Showing a certain map is a norm.

Define $$\|x\|=\sqrt[3]{(|x_1|^2+|x_2|^2)^{3/2}+|x_3|^3}$$ for any $x=(x_1,x_2,x_3)\in \Bbb R^3$. Show that $\|\cdot\|$ is a norm on $\Bbb R^3$.

I stuck on showing triangle inequality. I don't know how to show $$\|x+y\|\le \|x\|+\|y\|$$ for $x,y\in \Bbb R^3$. That is $$\sqrt[3]{(|x_1+y_1|^2+|x_2+y_2|^2)^{3/2}+|x_3+y_3|^3}\le \sqrt[3]{(|x_1|^2+|x_2|^2)^{3/2}+|x_3|^3}+\sqrt[3]{(|y_1|^2+|y_2|^2)^{3/2}+|y_3|^3}$$ How do I show that?

Note, that $\|\cdot\|$ is somehow the composition of the $2$-norm and the $3$-norm on $\mathbb R^2$. We have $$\|x\| = \|(\|(x_1,x_2)\|_2,x_3)\|_3$$ and with this at hand the proof is easy (but a bit ugly).

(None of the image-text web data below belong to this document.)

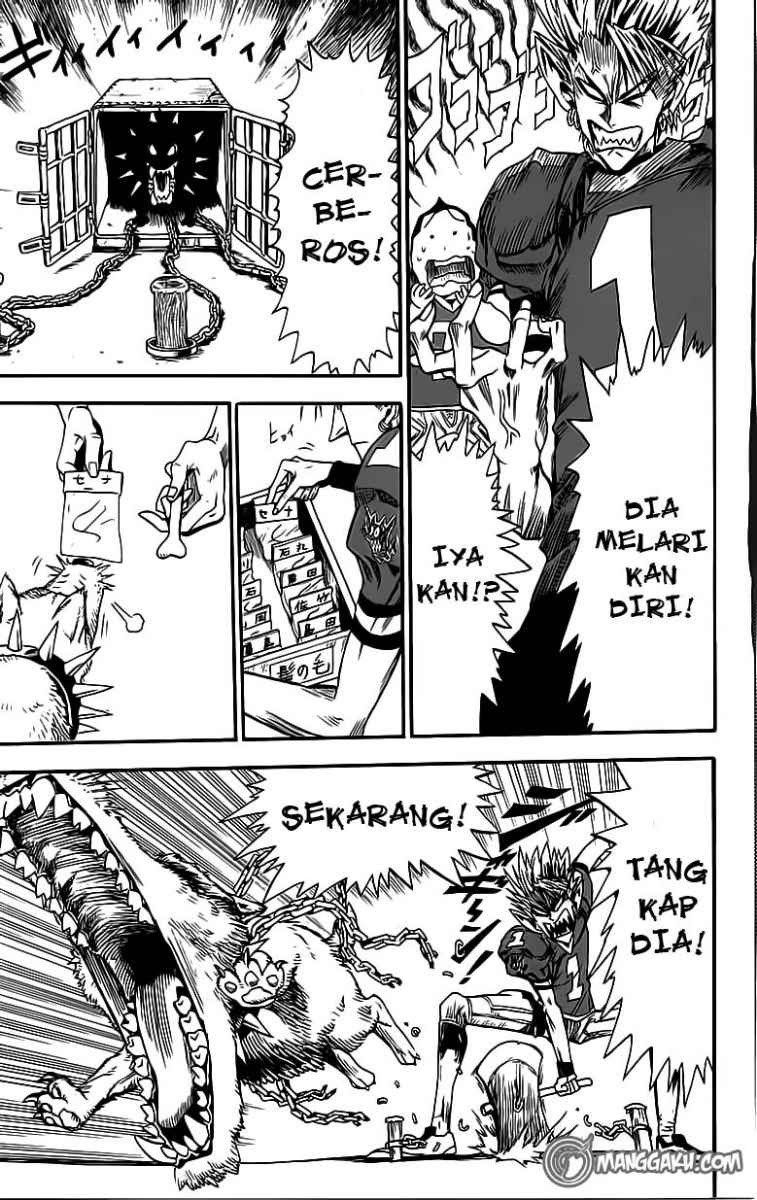 Eyeshield 21 Chapter 10 - halaman 14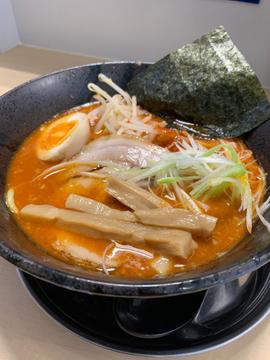 甘エビ油入り 辛味噌ラーメン 3辛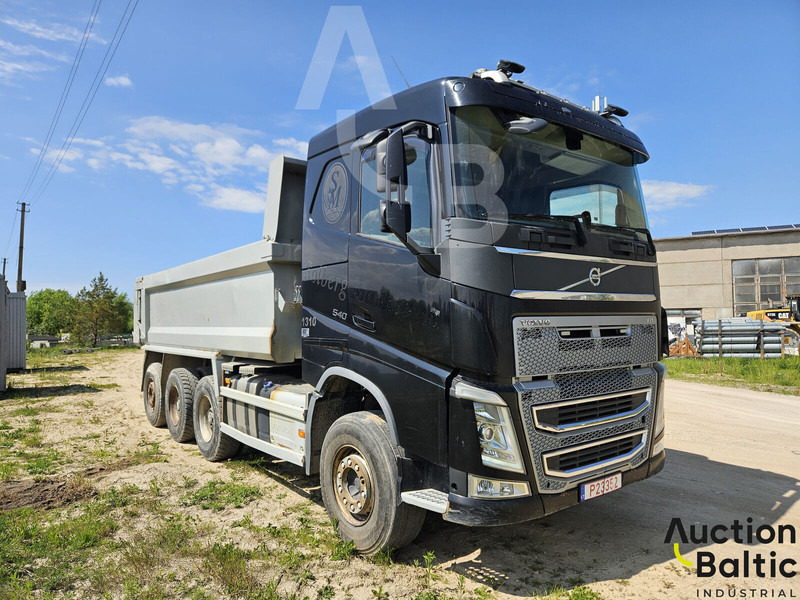 Volvo FH540 - Camião basculante: foto 1 Volvo FH540 - Camião basculante: foto 1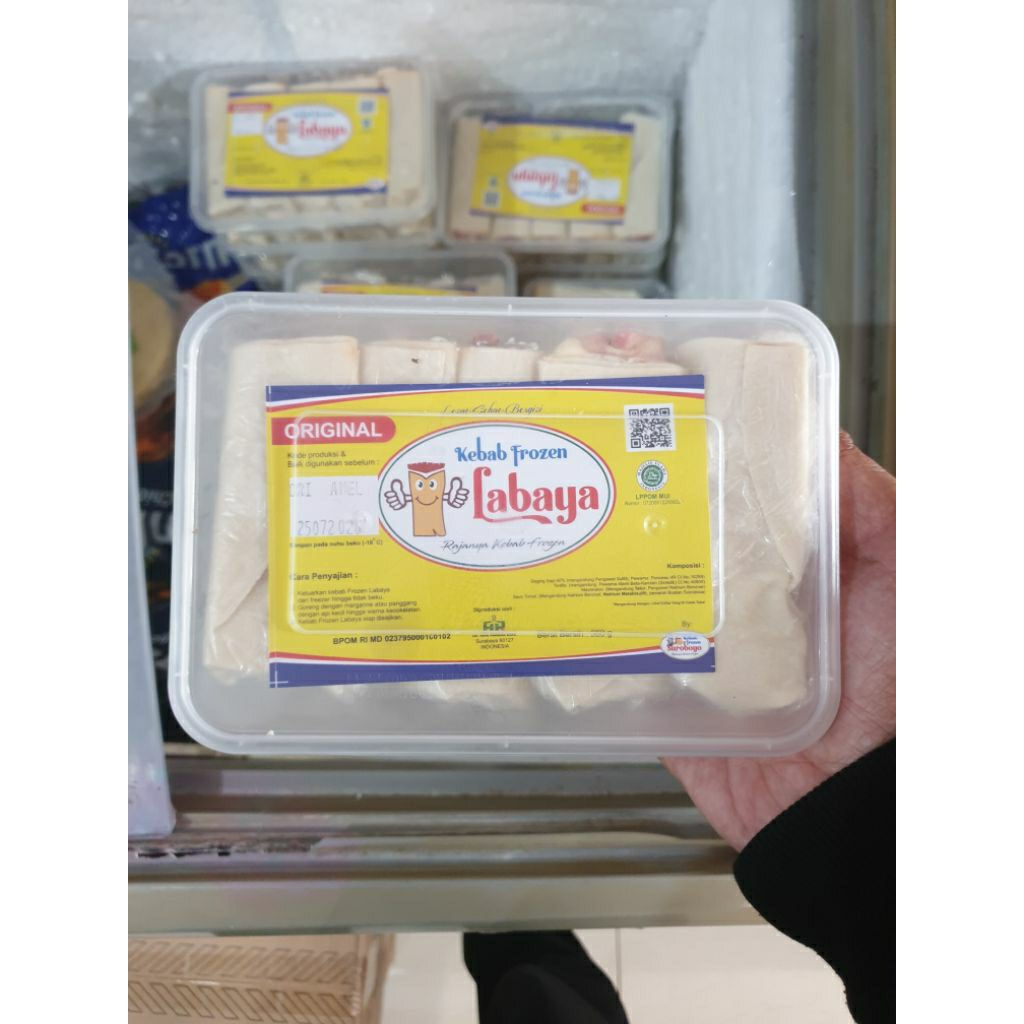

Labaya Kebab Original 350 gr – Isi 10 pcs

We have by the triangle inequality for the $2$-norm

$$a:= \|(x_1+y_1,x_2+y_2)\|_2 \leq \|(x_1,x_2)\|_2 + \|(y_1,y_2)\|_2 =:b$$

and since for all $a,b\in\mathbb R$ the inequality $|a| \leq |b|$ induces $\|(a,x_3+y_3)\|_3 \leq \|(b,x_3+y_3)\|_3$, we obtain (by using also the triangle inequality for the $3$-norm)

$$\|x+y\| = \|(\|(x_1+y_1,x_2+y_2)\|_2,x_3+y_3)\|_3 \\ \leq \|(\|(x_1,x_2)\|_2 + \|(y_1,y_2)\|_2,x_3+y_3)\|_3\\ \leq \|(\|(x_1,x_2)\|_2,x_3)\|_3 + \|(\|(y_1,y_2)\|_2,y_3)\|_3\\ = \|x\| + \|y\|.$$

This procedure could of course be generalised.